Returning reference (ideas to improve)

Assume the following code:

trait VarTrait{
    fn get(&self) -> &str;
}

struct Value1(String);

impl VarTrait for Value1 {
    fn get(&self) -> &str {
        &self.0
    }
}

struct Value2(String);

impl VarTrait for Value2 {
    fn get(&self) -> &str {
        &format!("{}++", self.0)
    }
}
  1. This works fine for the first implementation but obviously fails at the second.
  2. Changing the trait to return a String will require a clone at the first implementation.
  3. Wrapping around a Box/Rc will also require a clone since those own the value.

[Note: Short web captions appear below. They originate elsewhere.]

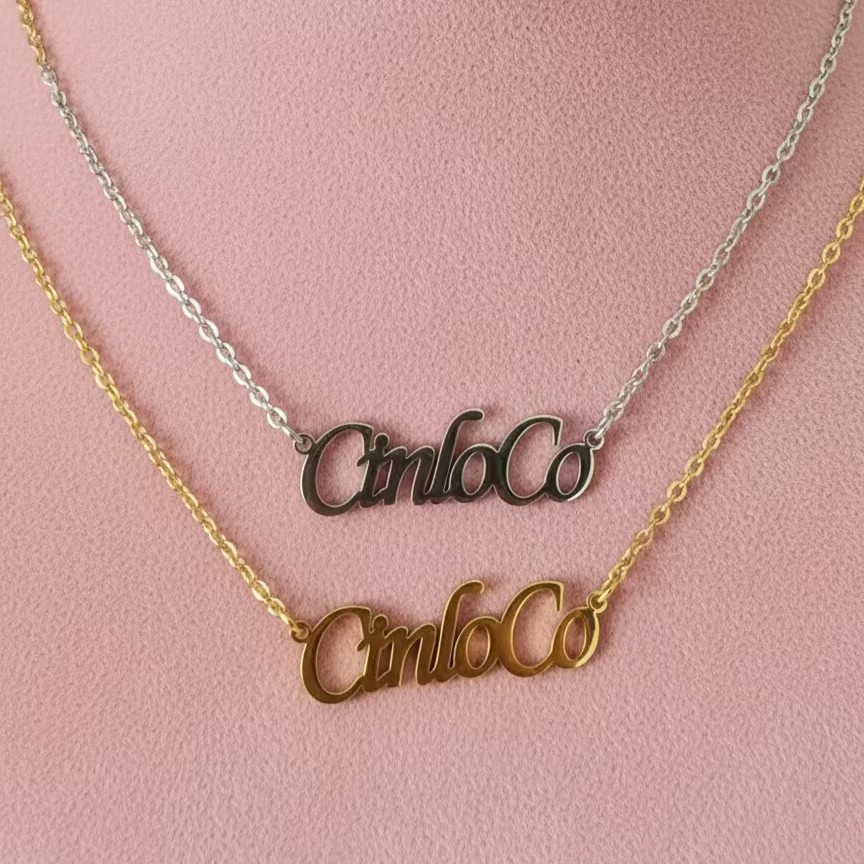 Two gold necklaces with 'Cinlo Co' on a black background
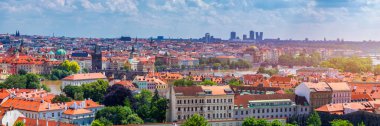 Prag 'ın kırmızı çatıları ve Prag' ın tarihi eski kasabasının düzinelerce kulesi. Güneşli bir günde Prag şehri manzarası. Arka planda kırmızı çatılar, kuleler ve Charles Köprüsü ve Vltava Nehri. Prag, Çek Cumhuriyeti.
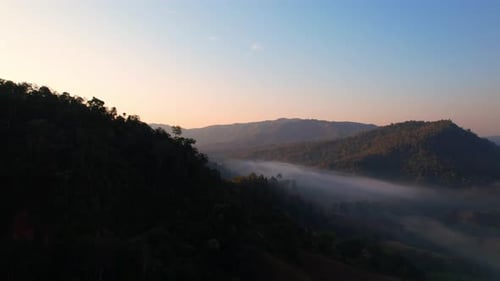 4K Aerial view of Mountains landscape with morning fog.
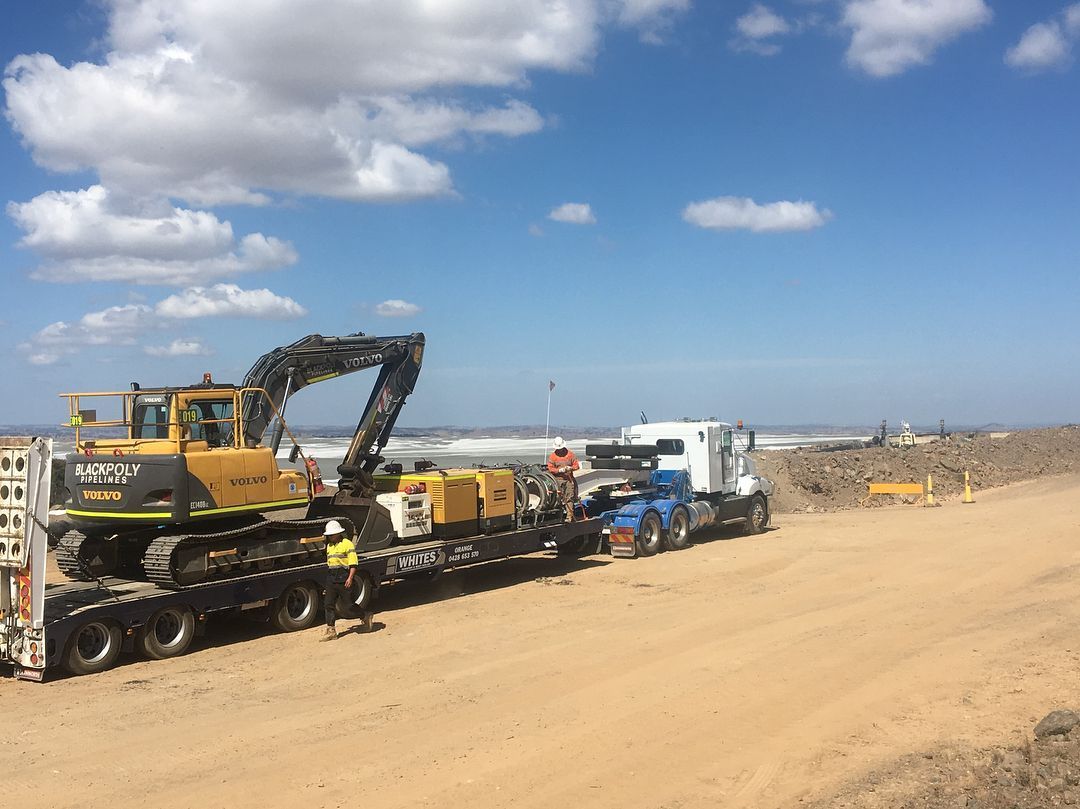 A Truck Is Carrying A Yellow Excavator On A Dirt Road — Blackpoly Pipelines in Orange, NSW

I propose that the compiler should be smart enough to transform and accept the second implementation into something like:

impl VarTrait for Value2 {
    fn get(&self) -> (&str, String) {
        let companion = format!("{}++", self.0);
        (&companion, companion)
    }
}

I call this... reference with a companion owned value. The companion value is hidden and moves to outer scopes (never to inner scopes) following the upper lifetime of the reference. This will allow to return by reference and support symmetric capabilities (in, out), following the principle of least surprise. As also, it probably can open the path for some optimizations.

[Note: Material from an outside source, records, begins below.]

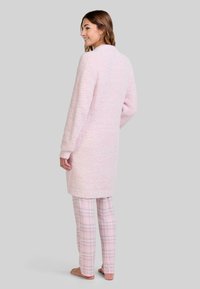 Mujer sonriendo, vistiendo un cárdigan largo y suave de color rosa claro y pantalones de pijama de cuadros rosas, de pie descalza frente a un fondo gris liso.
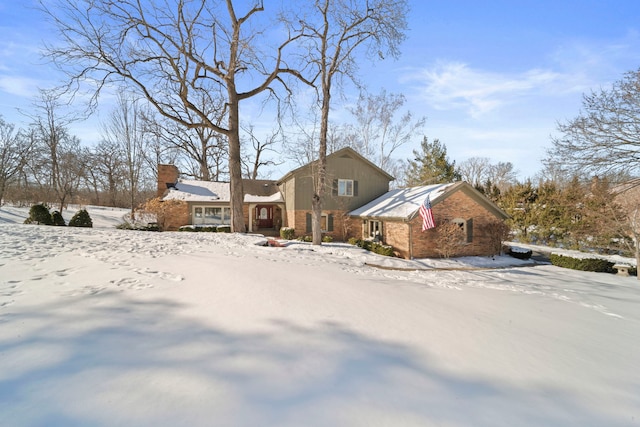 view of front of home featuring a chimney and brick siding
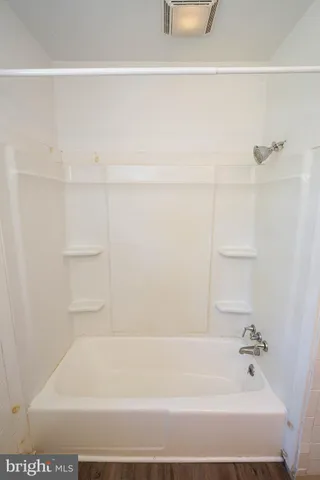 a bathroom with bathtub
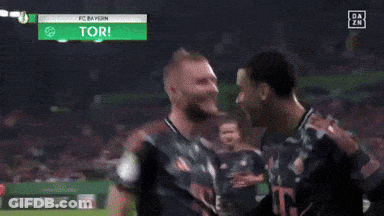 Two Soccer Players Dancing Under Mainz 05 Scoreboard GIF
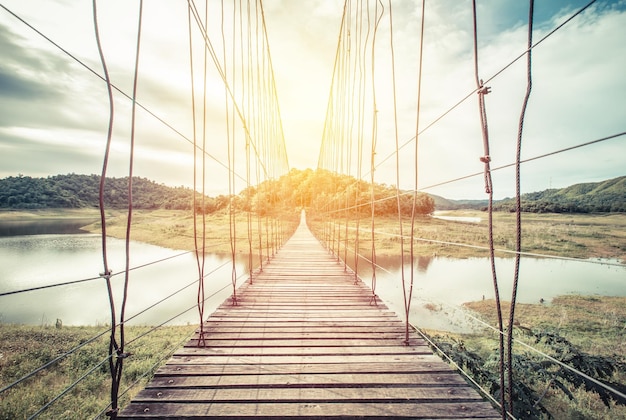 wooden rope Bridge across lake in forest. vintage filter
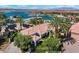 Beautiful single-story home with red tile roof, lush landscaping, and a well-manicured lawn at 20 Via Paradiso St, Henderson, NV 89011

Using the same semantics will also help in situation such as:

let x = String::from("Value").as_bytes();
println!("OK: {:?}", x);

where the compiler complains about the temporary value.
And maybe it would also help to reduce the use of explicit lifetimes.
What do you think?

When you need to abstract over data that might be owned or immutably borrowed, you can use Cow to create a copy-on-write pointer:

use std::borrow::Cow;

trait VarTrait {
    fn get(&self) -> Cow<str>;
}

struct Value1(String);

impl VarTrait for Value1 {
    fn get(&self) -> Cow<str> {
        Cow::Borrowed(&self.0)
    }
}

struct Value2(String);

impl VarTrait for Value2 {
    fn get(&self) -> Cow<str> {
        Cow::Owned(format!("{}++", self.0))
    }
}

I prefer this to the idea of the language having a transformation 'baked in', as it makes it clear from the trait's interface that the returned value might not just be a cheap reference.

1 Like

That's fine, but the compiler doesn't actually need to create anything new. The tuple is just there to make my point. Where is the overhead?

Every creation of owned value (companion value, here) is potential overhead, due to the allocation. We usually don't want to make it implicit.

How do you expect your companion tuple to work? When you return the owned value it is moved, invalidating the reference.